OpenMP worst performance with more threads (following openMP tutorials)

Question

I'm starting to work with OpenMP and I follow these tutorials:

I'm coding exactly what appears on the video, but instead of a better performance with more threads I get worse. I don't understand why.

Here's my code:

#include <iostream>
#include <time.h>
#include <omp.h>

using namespace std;

static long num_steps = 100000000;
double step;

#define NUM_THREADS 2

int main()
{
    clock_t t;
    t = clock();
    int i, nthreads; double pi, sum[NUM_THREADS];
    step = 1.0/(double)num_steps;

    omp_set_num_threads(NUM_THREADS);
    #pragma omp parallel
    {
        int i, id, nthrds;
        double x;
        id = omp_get_thread_num();
        nthrds = omp_get_num_threads();
        if(id == 0) nthreads = nthrds;
        for(i=id, sum[id]=0.0; i < num_steps; i = i + nthrds)
        {
            x = (i+0.5)*step;
            sum[id] += 4.0/(1.0+x*x);
        }
    }
    for(i = 0, pi=0.0; i<nthreads; i++) pi += sum[i] * step;

    t = clock() - t;
    cout << "time: " << t << " miliseconds" << endl;

}

As you can see, it's exactly the same as in the video, I only added a code to measure an elapsed time.
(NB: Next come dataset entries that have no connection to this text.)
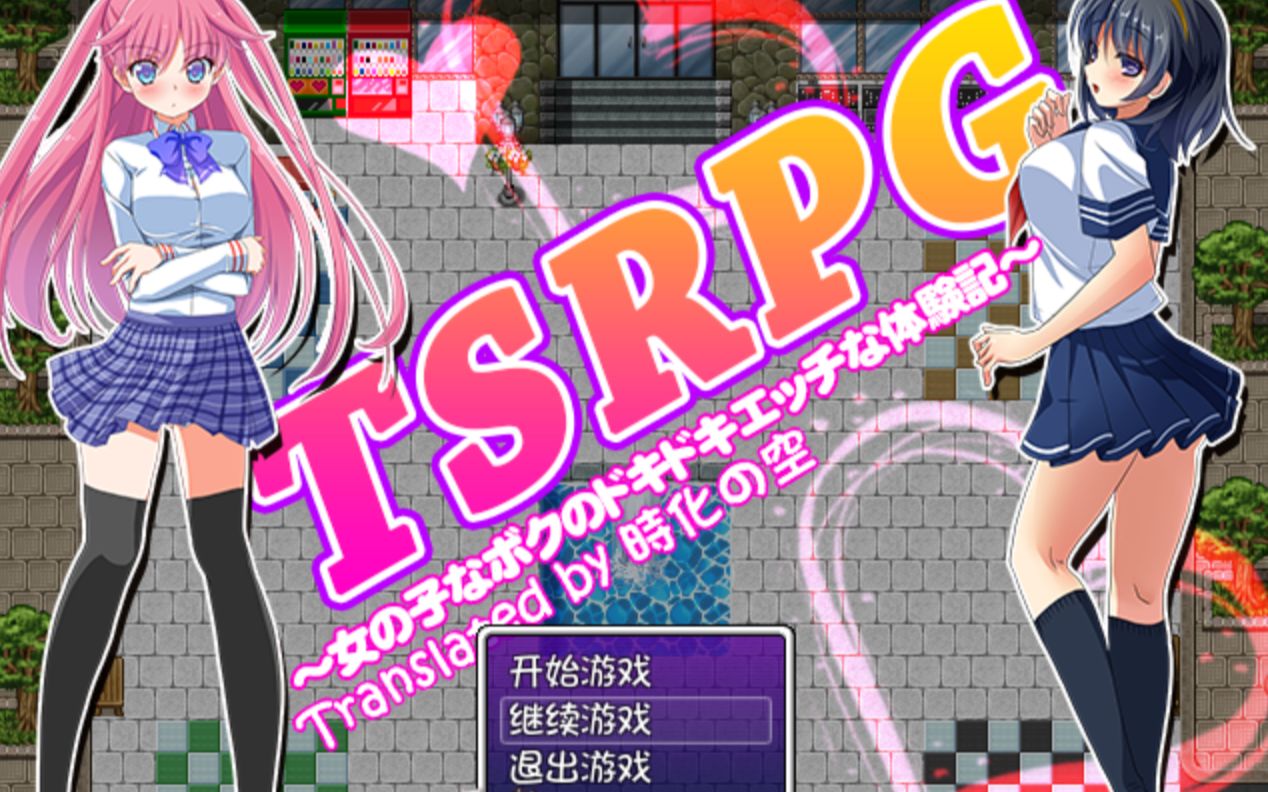 rpg手游下载软件_手机游戏rpg游戏下载_rpg游戏手机版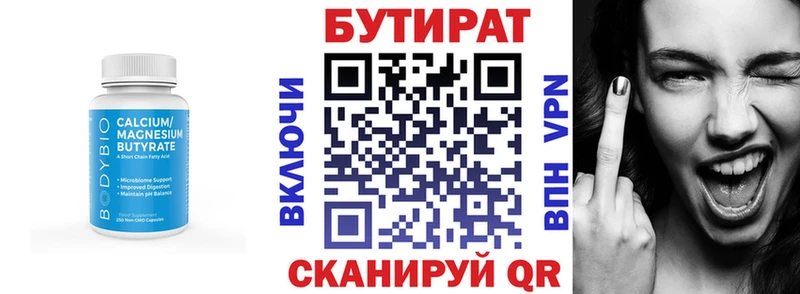 omg ONION  где продают наркотики  Кизел  БУТИРАТ 99% 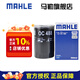 馬勒機濾機油濾芯格濾清器過(guò)濾網(wǎng)發(fā)動(dòng)機保養專(zhuān)用適配大眾  OC488 捷達 99-12款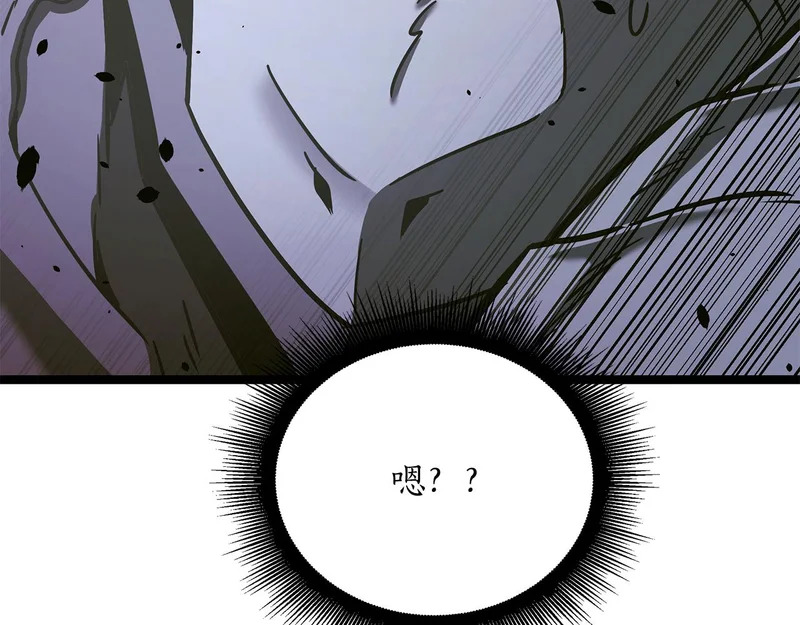 第63话 终于疯了 第138页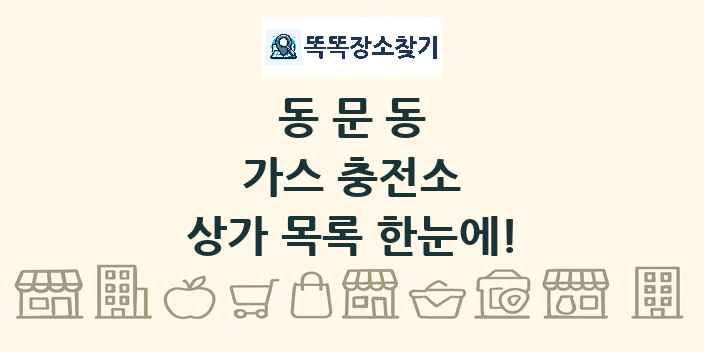 동문동 가스 충전소 상가 목록 및 정보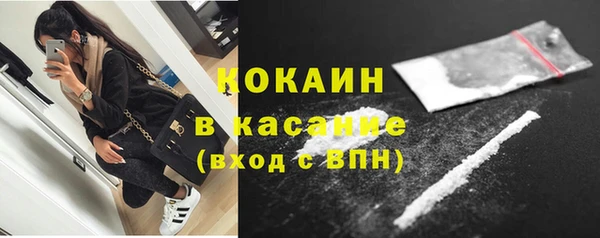 не бодяженный Каменка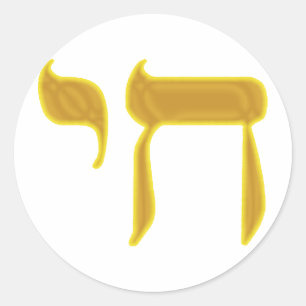 Sticker Rond Chai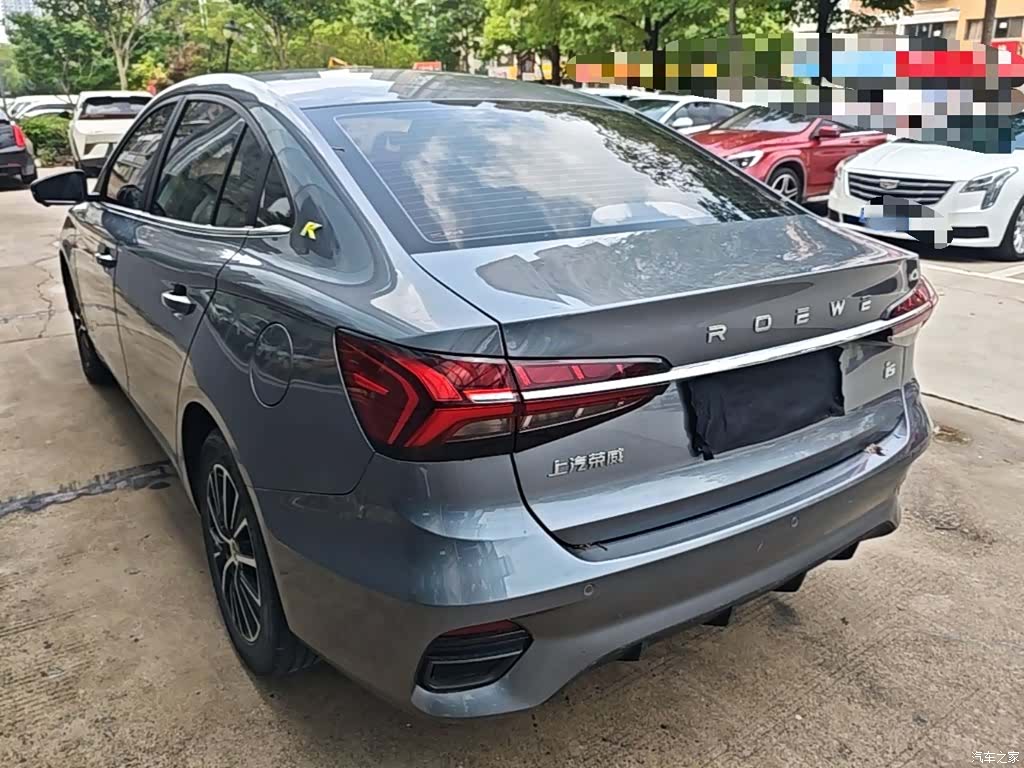 Roewe i5, 2023 все фото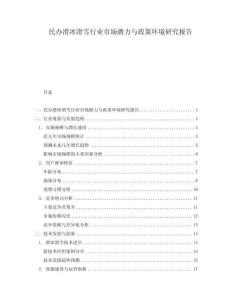 民辦滑冰滑雪行業市場潛力與政策環境研究報告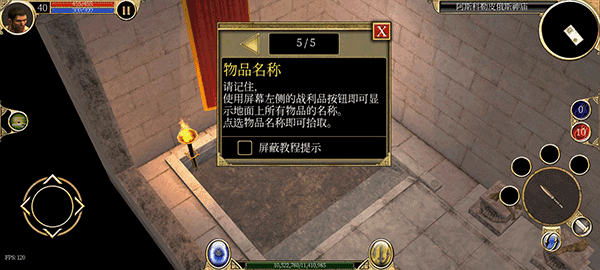 泰坦之旅安卓版
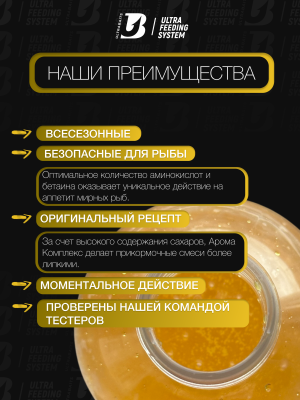 Арома комплекс ULTRABAITS (ЦИТРУС)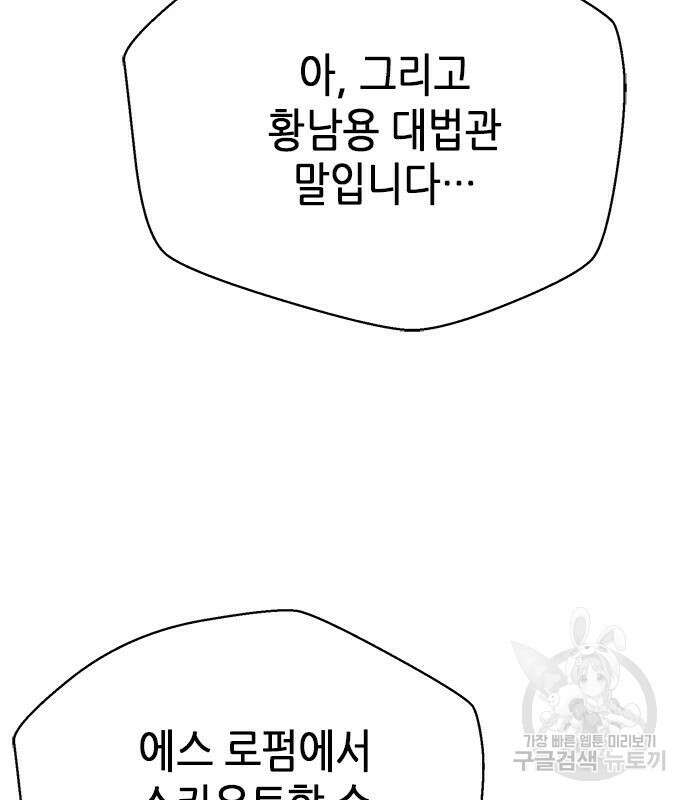 판사 이한영 117화 137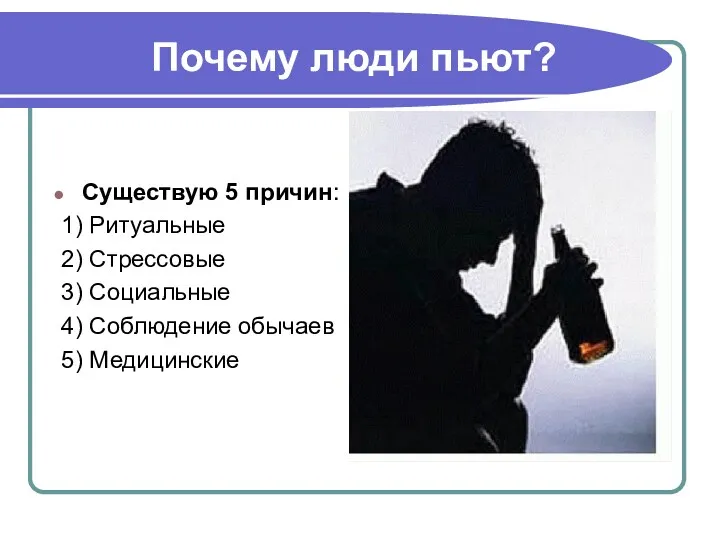 Почему люди пьют? Существую 5 причин: 1) Ритуальные 2) Стрессовые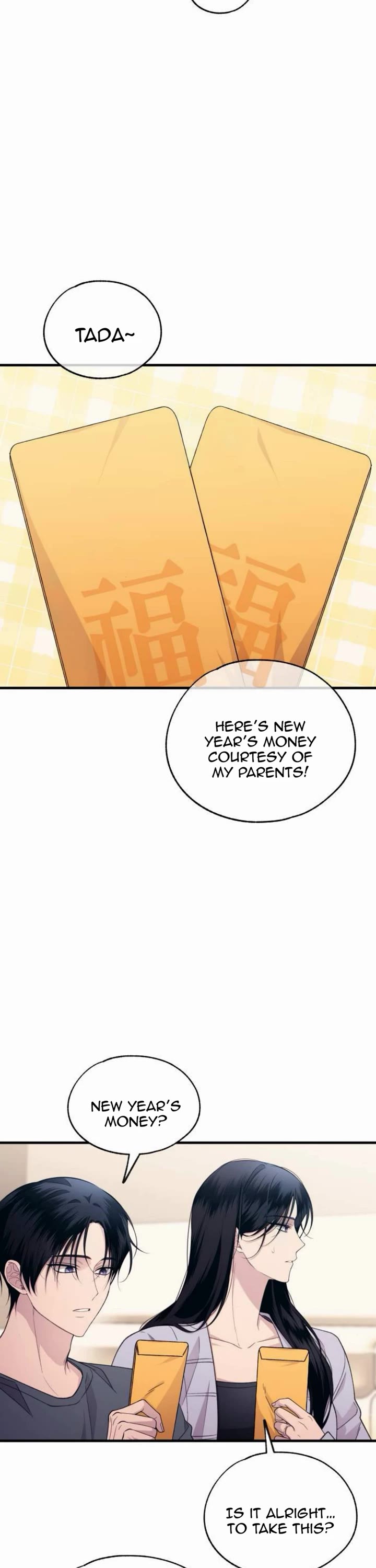 Yeonwoo's Innocence Chapter 205 page 11 - Chapter 205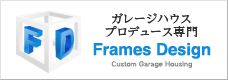 ガーレジハウスプロデュース専門「Frames Design」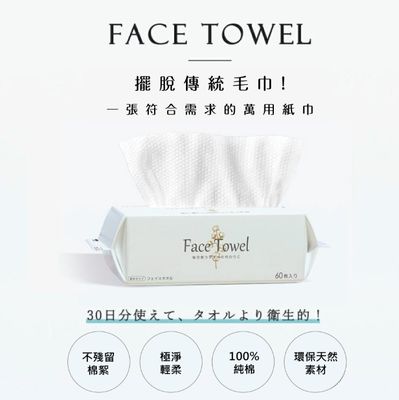 CICIBELLA Face towel  60 sheets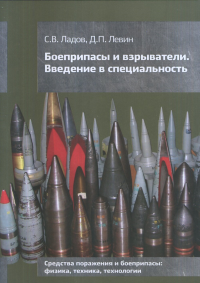 Боеприпасы и взрыватели. Введение в специальность. Ладов С.В., Левин Д.П.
On the tutorial, the more threads we use the better a performance.

In my case, that doesn't happen. Here are the timing I got:

1 thread:   433590 miliseconds
2 threads: 1705704 miliseconds
3 threads: 2689001 miliseconds
4 threads: 4221881 miliseconds

Why do I get this behavior?

-- EDIT --

gcc version: gcc 5.5.0

result of lscpu:

Architechure: x86_64
CPU op-mode(s): 32-bit, 64-bit
Byte Order: Little Endian
CPU(s): 8
On-line CPU(s) list: 0-7
Thread(s) per core: 2
Core(s) per socket: 4
Socket(s): 1
NUMA node(s): 1
Vendor ID: GenuineIntel
CPU family: 6
Model: 60
Model name: Intel(R) Core(TM) i7-4720HQ CPU @ 2.60Ghz
Stepping: 3
CPU Mhz: 2594.436
CPU max MHz: 3600,0000
CPU min Mhz: 800,0000
BogoMIPS: 5188.41
Virtualization: VT-x
L1d cache: 32K
L1i cache: 32K
L2 cache: 256K
L3 cache: 6144K
NUMA node0 CPU(s): 0-7

-- EDIT --

I've tried using omp_get_wtime() instead, like this:

#include <iostream>
#include <time.h>
#include <omp.h>

using namespace std;

static long num_steps = 100000000;
double step;

#define NUM_THREADS 8

int main()
{
    int i, nthreads; double pi, sum[NUM_THREADS];
    step = 1.0/(double)num_steps;
    double start_time = omp_get_wtime();

    omp_set_num_threads(NUM_THREADS);
    #pragma omp parallel
    {
        int i, id, nthrds;
        double x;
        id = omp_get_thread_num();
        nthrds = omp_get_num_threads();
        if(id == 0) nthreads = nthrds;
        for(i=id, sum[id]=0.0; i < num_steps; i = i + nthrds)
        {
            x = (i+0.5)*step;
            sum[id] += 4.0/(1.0+x*x);
        }
    }
    for(i = 0, pi=0.0; i<nthreads; i++) pi += sum[i] * step;
    double time = omp_get_wtime() - start_time;

    cout << "time: " << time << " seconds" << endl;

}

The behavior is different, although I have some questions.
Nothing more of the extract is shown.